Thursday, 05 July 2012
So i now have my own Vegas story to brag about. After playing at the Royal House I went to the bar and a very pretty ''call girl'' or for another word professional love maker came up to me in front of everyone and said ''I will pay you $100 to sit at the foyer piano and play me a song''. Quickest $100 I've ever made, I even tried to give it back to her and she wouldn't take it. I thought in Vegas it was the boys dishing out all the cash for services, I guess not. Oh and we have been asked to play a very special Vegas wedding later in the year for two of our most awesome fans and dedicated fans (these guys are at all our shows).
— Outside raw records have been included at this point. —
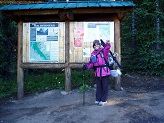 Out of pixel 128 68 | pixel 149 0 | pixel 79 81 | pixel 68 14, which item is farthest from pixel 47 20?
pixel 149 0

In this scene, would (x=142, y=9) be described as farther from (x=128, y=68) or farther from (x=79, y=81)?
(x=79, y=81)

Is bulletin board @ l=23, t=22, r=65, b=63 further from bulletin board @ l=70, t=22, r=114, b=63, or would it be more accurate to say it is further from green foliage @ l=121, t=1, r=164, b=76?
green foliage @ l=121, t=1, r=164, b=76

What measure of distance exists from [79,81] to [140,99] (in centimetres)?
309

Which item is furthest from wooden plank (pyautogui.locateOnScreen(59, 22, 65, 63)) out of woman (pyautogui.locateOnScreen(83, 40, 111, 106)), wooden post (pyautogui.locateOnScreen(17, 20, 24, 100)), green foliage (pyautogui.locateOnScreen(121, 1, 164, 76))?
green foliage (pyautogui.locateOnScreen(121, 1, 164, 76))

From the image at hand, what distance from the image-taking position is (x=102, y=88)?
7.27 meters

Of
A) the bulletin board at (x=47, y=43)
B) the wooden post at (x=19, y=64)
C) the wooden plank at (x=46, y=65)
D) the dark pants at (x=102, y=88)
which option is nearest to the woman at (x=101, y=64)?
the dark pants at (x=102, y=88)

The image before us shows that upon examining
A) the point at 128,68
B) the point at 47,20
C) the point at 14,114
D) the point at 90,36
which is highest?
the point at 47,20

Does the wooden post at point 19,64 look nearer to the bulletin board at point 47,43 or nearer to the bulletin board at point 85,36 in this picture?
the bulletin board at point 47,43

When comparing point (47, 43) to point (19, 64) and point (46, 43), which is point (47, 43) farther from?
point (19, 64)

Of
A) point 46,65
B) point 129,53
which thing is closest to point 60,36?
point 46,65

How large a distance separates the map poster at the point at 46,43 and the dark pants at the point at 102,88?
74.9 inches

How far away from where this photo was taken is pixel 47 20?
851cm

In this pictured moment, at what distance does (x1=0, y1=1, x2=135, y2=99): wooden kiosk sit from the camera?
8.34m

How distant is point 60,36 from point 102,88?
7.68 ft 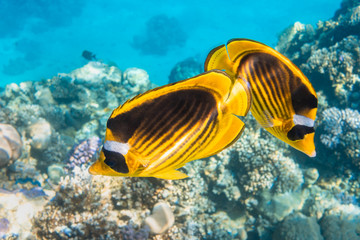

I'm thinking we should do it.

Las Vegas-20120703-01225

Perhaps my greatest achievement.

Saturday, 25 February 2012


With all the emails, posts and fans that have come up to me at shows, I've successfully worked out we have been able to convert through the awareness of our shows and forum debates more then 250 TRP fans to a vegetarian/vegan diet. I believe even more when I hear about how passionate these TRP fans are to educate their own family and friends to do the same even though some of them are ridiculed for their selfless actions. That my friends make’s me so proud and gives me all the inspiration that allows me to dig deeper to make this project a global success. We are a voice for the animals!